For a year I wandered Western Europe and the Middle East, seeing the falling-down edifices of history. Now I have a house I've leased on a ledge beside an ocean cove. By American standards the house is small and uncomfortable, though exquisite in setting. Four rooms and no toilet, so it's chamber pot or out-house, depending on the hour, the temperature, and the need. It's no inconvenience; too many prison cells have only a hole in the floor. I do have electricity and hot water, at least most of the time—provided by a generator left by the German Army two and a half decades ago. I have transoceanic radio, but there's no need for a television set, the nearest station is two hundred miles away. The floor is clay, hard as concrete. Thick, whitewashed walls sparkle in the sunlight, hold out summer heat and winter cold, though the seasons here are gentle. Twelve steps hewn into the ledge go down to the cove's protected beach of egg-sized rocks worn smooth by the water.

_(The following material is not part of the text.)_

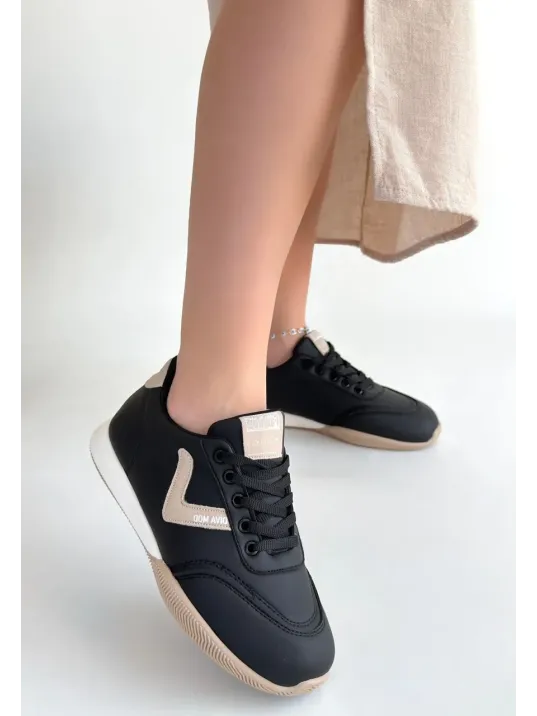 Jowen Siyah Cilt Bej Detaylı Bağcıklı Spor Ayakkabı Jowen Siyah Cilt Bej Detaylı Bağcıklı Spor Ayakkabı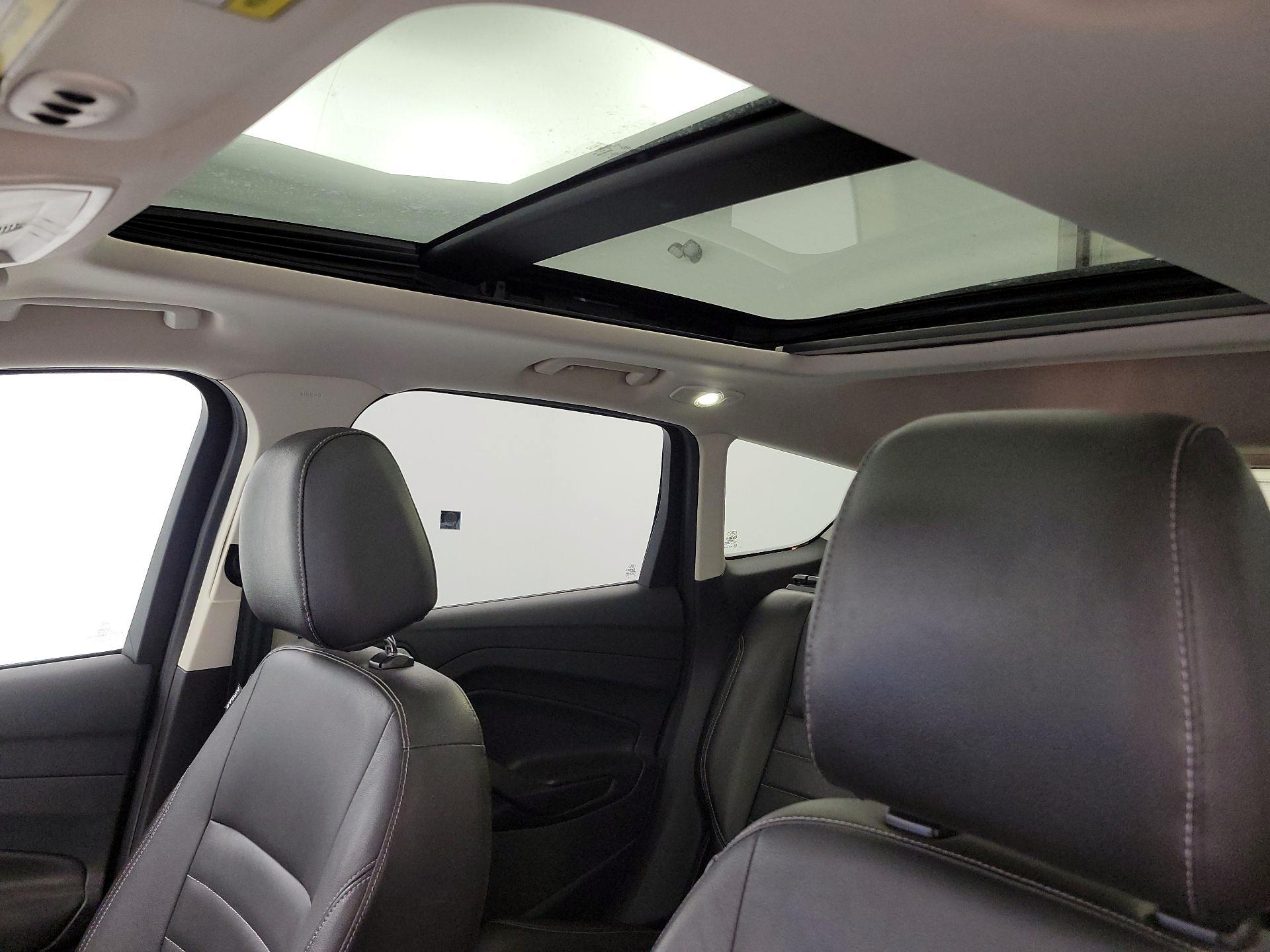 Thumbnail: 2016 Ford Escape - 19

Overlooking the cove and the sea beyond are louvered windows. The view is panoramic. I frequently watch the sea's moods. Its depths are usually transparent as a fishbowl, and it lies motionless beyond any simile for stillness, as if the sea itself is sleeping in the sun. Sometimes a warm breeze stirs it awake and billowing waves roll over one another in a race to shore, white foam bursting like laughter as they pause on the beach before turning back. Occasionally the sea is angered by winter's nipping wind and it gnashes white teeth, writhes, becomes black in the face, and furiously backhands the shore.

When the infrequent storms are over, I walk the shoreline, for curious things are cast up; a strikingly formed piece of driftwood for the mantel, amethyst-colored shells torn from their beds, seaweed molded into arabesques of blackish-green, an injured seagull crying raucously to others overhead, who are frightened by the cry and circle endlessly without landing.

The surrounding country, except for a line that follows the jagged coast, is sparsely populated. Fresh water is short, the land mountainous and barren except for a scrub forest of pine. The sea gives life to the country.

My life is not that of a recluse. Boats are often in the cove, and children come to skip stones along the smooth water. Beyond the ridge a paved highway follows the coastline to towns and villages every few miles. In the nearest town, which I visit several times a week, several persons speak some English, and I've learned enough of the local language to be understood, albeit with smiles.

I'm as safe as I'll ever be anywhere in the world. When I arrived here with money and false credentials, it was the end of the rainbow, the faraway place in the sun that is one of the dreams of everyone. It was all I wanted for the rest of my life—simplicity, a seashore, peace.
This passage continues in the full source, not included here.